*** Opening Input ***
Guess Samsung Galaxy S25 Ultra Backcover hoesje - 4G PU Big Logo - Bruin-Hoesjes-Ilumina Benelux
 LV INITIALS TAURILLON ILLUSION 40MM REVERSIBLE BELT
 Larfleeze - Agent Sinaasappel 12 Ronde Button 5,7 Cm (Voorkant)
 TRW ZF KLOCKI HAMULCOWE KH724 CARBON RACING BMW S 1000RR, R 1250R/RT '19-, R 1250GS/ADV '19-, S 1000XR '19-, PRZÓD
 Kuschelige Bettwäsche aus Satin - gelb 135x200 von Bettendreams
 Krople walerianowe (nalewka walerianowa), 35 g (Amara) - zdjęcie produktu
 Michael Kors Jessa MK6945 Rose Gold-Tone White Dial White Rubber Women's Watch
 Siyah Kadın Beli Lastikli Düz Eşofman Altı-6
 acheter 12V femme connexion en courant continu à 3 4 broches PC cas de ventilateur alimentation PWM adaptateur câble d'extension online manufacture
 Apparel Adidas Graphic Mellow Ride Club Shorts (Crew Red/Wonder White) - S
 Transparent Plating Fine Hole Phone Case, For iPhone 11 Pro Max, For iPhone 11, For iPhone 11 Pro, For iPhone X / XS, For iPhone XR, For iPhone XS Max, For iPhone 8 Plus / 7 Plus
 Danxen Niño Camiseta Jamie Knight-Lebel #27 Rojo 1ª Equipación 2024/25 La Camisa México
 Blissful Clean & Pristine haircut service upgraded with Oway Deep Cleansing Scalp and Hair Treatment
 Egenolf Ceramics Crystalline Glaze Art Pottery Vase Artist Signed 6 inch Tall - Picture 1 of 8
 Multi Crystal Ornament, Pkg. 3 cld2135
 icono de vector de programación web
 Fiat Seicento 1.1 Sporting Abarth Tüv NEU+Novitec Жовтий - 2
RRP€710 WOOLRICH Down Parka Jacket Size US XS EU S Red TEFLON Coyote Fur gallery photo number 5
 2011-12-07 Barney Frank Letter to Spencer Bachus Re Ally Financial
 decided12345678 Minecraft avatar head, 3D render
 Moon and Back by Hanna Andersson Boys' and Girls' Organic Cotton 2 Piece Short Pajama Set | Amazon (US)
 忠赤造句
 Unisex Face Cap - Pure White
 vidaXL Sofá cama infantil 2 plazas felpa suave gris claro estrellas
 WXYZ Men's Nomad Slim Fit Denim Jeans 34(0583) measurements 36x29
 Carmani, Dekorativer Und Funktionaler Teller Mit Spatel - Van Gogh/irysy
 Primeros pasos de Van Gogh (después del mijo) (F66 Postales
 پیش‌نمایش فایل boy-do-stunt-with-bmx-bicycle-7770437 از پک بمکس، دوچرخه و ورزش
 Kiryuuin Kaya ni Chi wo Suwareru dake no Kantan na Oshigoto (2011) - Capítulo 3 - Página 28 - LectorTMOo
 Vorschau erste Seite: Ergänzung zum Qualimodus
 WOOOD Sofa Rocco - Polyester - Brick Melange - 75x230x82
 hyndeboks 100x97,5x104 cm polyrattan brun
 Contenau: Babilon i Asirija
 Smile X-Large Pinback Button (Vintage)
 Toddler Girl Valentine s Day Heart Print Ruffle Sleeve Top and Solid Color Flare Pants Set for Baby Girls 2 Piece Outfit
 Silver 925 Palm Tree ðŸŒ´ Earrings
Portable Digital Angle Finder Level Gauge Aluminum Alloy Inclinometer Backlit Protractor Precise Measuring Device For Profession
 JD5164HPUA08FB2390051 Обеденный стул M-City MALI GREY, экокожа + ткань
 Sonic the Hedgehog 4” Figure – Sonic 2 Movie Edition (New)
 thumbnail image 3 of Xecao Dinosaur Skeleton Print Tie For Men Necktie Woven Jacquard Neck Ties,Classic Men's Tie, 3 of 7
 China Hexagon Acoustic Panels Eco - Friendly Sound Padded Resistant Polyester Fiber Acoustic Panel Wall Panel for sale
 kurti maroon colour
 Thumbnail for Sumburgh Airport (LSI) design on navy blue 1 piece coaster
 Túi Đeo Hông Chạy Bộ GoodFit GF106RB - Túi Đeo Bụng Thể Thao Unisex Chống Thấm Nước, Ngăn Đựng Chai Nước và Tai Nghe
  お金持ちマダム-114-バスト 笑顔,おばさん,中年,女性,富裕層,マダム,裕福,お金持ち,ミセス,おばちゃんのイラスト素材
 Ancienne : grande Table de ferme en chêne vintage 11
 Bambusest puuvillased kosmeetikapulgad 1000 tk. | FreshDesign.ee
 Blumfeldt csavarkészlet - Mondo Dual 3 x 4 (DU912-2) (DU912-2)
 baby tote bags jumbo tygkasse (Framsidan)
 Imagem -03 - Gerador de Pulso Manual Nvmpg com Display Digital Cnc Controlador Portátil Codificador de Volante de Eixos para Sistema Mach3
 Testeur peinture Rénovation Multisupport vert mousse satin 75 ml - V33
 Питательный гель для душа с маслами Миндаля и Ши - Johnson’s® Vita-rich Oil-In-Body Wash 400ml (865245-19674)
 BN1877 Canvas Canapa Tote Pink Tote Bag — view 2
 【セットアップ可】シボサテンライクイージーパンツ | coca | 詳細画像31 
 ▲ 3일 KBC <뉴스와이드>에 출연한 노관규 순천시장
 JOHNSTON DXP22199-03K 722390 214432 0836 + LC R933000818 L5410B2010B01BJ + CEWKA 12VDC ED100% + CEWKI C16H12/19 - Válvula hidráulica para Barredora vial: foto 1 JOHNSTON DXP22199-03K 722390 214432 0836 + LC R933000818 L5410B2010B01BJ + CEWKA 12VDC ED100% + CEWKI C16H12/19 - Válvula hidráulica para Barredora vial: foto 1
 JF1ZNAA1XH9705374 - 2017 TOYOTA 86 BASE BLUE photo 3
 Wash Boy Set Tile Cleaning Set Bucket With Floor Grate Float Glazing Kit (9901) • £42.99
*** Closing Input ***
▶ _About this exercise_
Reproduce verbatim the lines above, from the line with "Portable Digital Angle" through the line with "thumbnail image 3".

▶ _Finished exercise_
Portable Digital Angle Finder Level Gauge Aluminum Alloy Inclinometer Backlit Protractor Precise Measuring Device For Profession
 JD5164HPUA08FB2390051 Обеденный стул M-City MALI GREY, экокожа + ткань
 Sonic the Hedgehog 4” Figure – Sonic 2 Movie Edition (New)
 thumbnail image 3 of Xecao Dinosaur Skeleton Print Tie For Men Necktie Woven Jacquard Neck Ties,Classic Men's Tie, 3 of 7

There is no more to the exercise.